If I had a pointer arg to a constant buffer passed to my kernel i.e.
kernel void myKernel( constant my_struct* settingsForEachThread __attribute__((max_constant_size(16384))) {
...and I accessed each item of this pointer as such...
settingsForEachThread[get_global_id(0)]
... would this suffice to fulfill the "4.6 Constant Memory Optimization" of the ATI StreamSDK OpenCL Programming Guide, specifically clause #1 which states:
"Simple Direct-Addressing Patterns
Very high bandwidth can be attained when the compiler has available the
constant address at compile time and can embed the constant address into
the instruction. Each processing element can load up to 4x4-byte direct-
addressed constant values each cycle. Typically, these cases are limited to
simple non-array constants and function parameters. The GPU loads the
constants into a hardware cache at the beginning of the clause that uses the
constants. The cache is a tagged cache, typically each 8k blocks is shared
among four compute units. If the constant data is already present in the
constant cache, the load is serviced by the cache and does not require any
global memory bandwidth.

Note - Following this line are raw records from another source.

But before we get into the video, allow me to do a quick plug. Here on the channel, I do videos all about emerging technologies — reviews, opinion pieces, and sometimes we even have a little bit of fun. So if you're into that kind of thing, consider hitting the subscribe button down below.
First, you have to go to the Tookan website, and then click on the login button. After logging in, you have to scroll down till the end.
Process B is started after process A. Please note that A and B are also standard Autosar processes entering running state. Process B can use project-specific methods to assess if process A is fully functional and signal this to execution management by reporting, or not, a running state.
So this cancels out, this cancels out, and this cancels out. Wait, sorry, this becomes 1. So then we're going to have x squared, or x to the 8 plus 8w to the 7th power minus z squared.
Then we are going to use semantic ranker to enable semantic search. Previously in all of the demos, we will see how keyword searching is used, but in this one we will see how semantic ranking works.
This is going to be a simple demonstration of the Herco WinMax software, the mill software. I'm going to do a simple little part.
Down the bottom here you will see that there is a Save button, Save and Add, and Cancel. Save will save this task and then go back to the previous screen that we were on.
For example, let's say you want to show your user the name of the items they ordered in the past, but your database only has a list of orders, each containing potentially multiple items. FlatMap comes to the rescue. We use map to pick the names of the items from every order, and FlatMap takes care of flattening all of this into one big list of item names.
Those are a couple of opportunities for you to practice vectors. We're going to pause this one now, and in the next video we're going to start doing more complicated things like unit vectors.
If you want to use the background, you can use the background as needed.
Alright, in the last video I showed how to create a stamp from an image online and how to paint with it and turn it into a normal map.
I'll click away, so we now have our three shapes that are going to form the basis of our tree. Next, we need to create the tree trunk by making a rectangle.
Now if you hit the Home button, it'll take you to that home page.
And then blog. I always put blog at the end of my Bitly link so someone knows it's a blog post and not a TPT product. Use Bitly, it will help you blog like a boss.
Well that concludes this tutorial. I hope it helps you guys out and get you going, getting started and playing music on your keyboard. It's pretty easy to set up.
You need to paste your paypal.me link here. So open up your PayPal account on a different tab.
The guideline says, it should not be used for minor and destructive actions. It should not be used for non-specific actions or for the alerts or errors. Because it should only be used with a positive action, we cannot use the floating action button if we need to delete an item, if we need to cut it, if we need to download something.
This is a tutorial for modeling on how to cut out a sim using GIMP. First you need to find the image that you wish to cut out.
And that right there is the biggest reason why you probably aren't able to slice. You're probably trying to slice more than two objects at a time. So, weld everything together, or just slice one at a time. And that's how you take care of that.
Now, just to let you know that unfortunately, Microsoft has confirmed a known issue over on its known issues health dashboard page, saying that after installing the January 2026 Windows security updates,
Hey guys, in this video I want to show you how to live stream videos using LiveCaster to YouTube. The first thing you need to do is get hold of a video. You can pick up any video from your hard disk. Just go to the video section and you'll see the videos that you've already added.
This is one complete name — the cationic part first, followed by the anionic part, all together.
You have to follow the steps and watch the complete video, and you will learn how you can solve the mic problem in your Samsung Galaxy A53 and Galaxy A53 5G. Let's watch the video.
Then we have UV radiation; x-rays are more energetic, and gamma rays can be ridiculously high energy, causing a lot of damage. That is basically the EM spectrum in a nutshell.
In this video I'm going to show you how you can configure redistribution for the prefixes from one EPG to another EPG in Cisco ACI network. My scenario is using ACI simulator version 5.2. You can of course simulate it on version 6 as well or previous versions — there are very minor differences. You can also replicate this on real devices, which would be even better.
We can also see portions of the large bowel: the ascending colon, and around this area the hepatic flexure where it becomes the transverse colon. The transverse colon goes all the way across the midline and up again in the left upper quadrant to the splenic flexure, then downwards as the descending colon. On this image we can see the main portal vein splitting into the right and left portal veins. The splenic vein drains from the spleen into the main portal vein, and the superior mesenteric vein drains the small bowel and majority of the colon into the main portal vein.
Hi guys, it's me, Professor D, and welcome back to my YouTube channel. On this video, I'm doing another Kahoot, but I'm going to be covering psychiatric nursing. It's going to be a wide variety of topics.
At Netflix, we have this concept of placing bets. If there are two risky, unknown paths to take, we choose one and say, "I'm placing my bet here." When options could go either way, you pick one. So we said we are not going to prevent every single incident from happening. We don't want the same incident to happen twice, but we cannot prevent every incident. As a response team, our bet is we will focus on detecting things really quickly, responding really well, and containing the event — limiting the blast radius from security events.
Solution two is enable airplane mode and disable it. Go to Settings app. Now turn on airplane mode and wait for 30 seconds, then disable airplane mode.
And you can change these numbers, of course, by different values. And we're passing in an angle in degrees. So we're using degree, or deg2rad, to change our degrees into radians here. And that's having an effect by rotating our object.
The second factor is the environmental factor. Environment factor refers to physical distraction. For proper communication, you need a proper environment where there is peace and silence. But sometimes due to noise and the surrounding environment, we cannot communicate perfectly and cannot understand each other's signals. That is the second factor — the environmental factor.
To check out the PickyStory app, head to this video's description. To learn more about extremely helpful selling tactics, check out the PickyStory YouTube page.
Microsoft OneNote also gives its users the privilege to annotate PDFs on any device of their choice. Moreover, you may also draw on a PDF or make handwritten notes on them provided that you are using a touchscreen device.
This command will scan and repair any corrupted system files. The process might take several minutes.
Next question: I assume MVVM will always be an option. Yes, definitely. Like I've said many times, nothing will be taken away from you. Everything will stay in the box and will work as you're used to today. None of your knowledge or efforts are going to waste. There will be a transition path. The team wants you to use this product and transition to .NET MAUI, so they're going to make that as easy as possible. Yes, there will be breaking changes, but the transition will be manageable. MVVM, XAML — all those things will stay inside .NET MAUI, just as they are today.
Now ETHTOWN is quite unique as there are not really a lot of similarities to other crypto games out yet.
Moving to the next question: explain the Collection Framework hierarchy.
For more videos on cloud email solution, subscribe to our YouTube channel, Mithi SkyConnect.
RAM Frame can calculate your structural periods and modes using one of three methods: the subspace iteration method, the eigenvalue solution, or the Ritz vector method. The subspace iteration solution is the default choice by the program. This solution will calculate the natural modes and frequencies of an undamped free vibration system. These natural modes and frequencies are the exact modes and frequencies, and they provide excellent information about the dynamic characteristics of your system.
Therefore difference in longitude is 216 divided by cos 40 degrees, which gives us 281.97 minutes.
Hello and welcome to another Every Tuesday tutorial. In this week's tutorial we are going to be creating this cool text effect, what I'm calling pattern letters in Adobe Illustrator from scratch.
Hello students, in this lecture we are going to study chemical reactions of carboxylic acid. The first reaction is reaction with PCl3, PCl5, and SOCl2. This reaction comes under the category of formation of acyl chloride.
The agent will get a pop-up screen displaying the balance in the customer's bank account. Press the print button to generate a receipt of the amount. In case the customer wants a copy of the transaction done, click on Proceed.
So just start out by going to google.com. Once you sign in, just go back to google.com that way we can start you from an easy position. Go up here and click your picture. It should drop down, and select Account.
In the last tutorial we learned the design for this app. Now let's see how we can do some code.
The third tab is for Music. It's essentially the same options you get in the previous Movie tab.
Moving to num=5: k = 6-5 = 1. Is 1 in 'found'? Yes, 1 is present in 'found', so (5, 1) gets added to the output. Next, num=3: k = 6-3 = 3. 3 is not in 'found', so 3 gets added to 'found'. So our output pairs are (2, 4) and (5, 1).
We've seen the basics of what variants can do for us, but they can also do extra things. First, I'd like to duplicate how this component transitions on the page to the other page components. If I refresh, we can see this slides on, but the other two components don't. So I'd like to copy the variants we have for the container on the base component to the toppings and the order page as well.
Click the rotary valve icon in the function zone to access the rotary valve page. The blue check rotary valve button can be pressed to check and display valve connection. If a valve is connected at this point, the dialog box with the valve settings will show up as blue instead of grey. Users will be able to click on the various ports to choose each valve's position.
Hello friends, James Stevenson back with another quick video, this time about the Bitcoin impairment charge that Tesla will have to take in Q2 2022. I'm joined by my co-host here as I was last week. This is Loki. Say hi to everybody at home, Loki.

The constant cache size for each device is given
in Appendix D, “Device Parameters”; it varies from 4k to 48k per GPU."
...assuming my buffer fits in the cache?
If so, would the load latency be close to one clock cycle on the first load of that address? - as in - would the compiler be clever enough to perform a preemptive load of these array elements such that they are ready when needed (or at least closer-to-ready than a simple global load)?
If the settingsForEachThread[get_global_id(0)] does indeed fulfill the requirements for Simple Direct-Addressing Patterns, can math with literals affecting get_global_id()'s result also fulfill this, i.e.
settingsForEachThread[get_global_id(0)%4] ??
...in either case being true, would I be able to make repeated requests of this cache value with latency competitive with LDS and GPRs, for the purpose of conserving GPR space, i.e.
operation(settingsForEachThread[get_global_id(0)]);
anotherOperation(settingsForEachThread[get_global_id(0)]);
..instead of
const my_struct thisThreadSettings = settingsForEachThread[get_global_id(0)];
operation(thisThreadSettings);
anotherOperation(thisThreadSettings);
Is there anything glaringly obvious that I could change to make this work (better)?
What happens when I have multiple constant buffers where each alone will fit in the cache but altogether exceed the cache size?
In case this detail is necessary: It would be on Redwood hardware.
Thanks for reading. Partial answers and (properly disclaimed) speculation also welcome.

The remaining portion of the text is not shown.